Radici del Sud ha celebrato la ventesima edizione. Il festival itinerante del vino quest’anno ha avuto come sede una location per certi versi straordinaria, la Ex Distilleria Cassano, a Gioia del Colle. Nicola Campanile è l’ideatore e l’organizzatore di Radici del Sud. Rassegna che per sei anni era stata ospitata dal castello di Sannicandro di Bari e, prim’ancora persino da Borgo Egnatia, quando non era ancora il posto dei sogni che è poi diventata la struttura fasanese. La Fiera del Levante? “No, sarebbe dispersiva: Radici del Sud ha la necessità di tenere raccolte le aziende, fianco a fianco”.
Una settantina gli espositori. “Nel tempo siamo diventati un piccolo punto di riferimento in un comparto agricolo di grande importanza per la Puglia, anche perché abbiamo aperto all’olio, incontrando il favore di molti operatori che, per esigenze o per tradizione, producono sia il vino che l’olio.
Il vino, in particolare, pur continuando a vivere la lunga stagione di un innegabile successo che ha portato le contrade pugliesi ad essere competitive in tutto il mondo, è costretto ad affrontare scenari con rischi enormi, dai dazi trumpiani agli effetti collaterali della stretta sulla guida dopo aver assunto alcol, fino alla xylella che, dopo ulivo e mandorlo, ha cominciato ad aggredire la vite (per ora quella dell’uva da tavola).
“Al momento i dazi sono soprattutto una violenza psicologica”, dice Marianna Annio, vivace imprenditrice a capo di Pietraventosa, azienda di Gioia del Colle. L’aumento del prezzo al momento non sembra spaventare più di tanto il consumatore medio americano, ma le cose cambiano di giorno in giorno e il ruolo dei buyers (loro sì che sono molto preoccupati) diviene ancora più importante. “Il vero pericolo – la Annio sposta l’attenzione sugli strali del Codice della strada -, sono i superalcolici, specie quelli a basso prezzo. E in ogni caso, non parliamo di vino privato dell’alcol, rischieremmo di produrre succo d’uva. Il vino è quello, e tale deve restare”. Insomma, il dealcolato bocciato senza rimedio.
Dalla cittadina di San Filippo Neri, aziende come Pietraventosa (70% della produzione) o Plantamura (addirittura 8 bottiglie su 10) fanno della esportazione il core business.
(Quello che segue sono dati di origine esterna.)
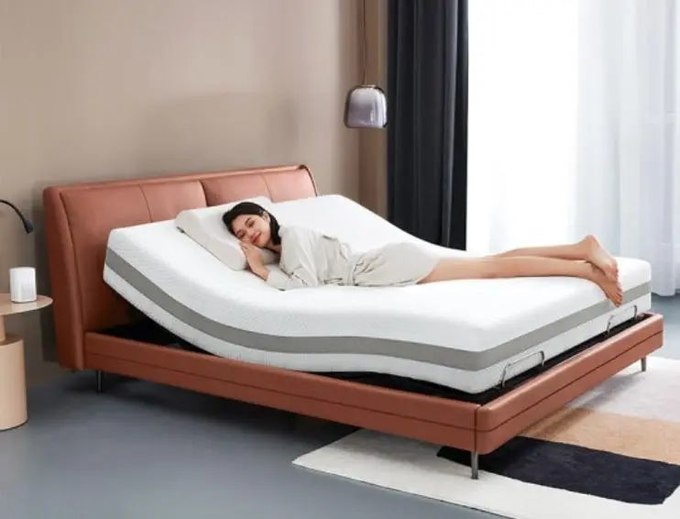 慕思股份获得发明专利授权：“一种基于电动床的互动方法及相关产品”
E quindi i dazi Usa debbono essere in qualche modo neutralizzati: ampliando i mercati, innalzando la soglia della qualità e magari riducendo gli utili (soprattutto degli intermediari).
Chi invece non si pone problemi con l’export è Peppe Zullo. Il suo Ursaria ha un mercato locale, come il Superapulia, una sorta di Sassicaia dei Monti Dauni. E concludere il tour di “Radici” con l’etichetta disegnata per il cuoco-contadino di Orsara da un artista come Leon Marino dà il senso di un viaggio da fiaba.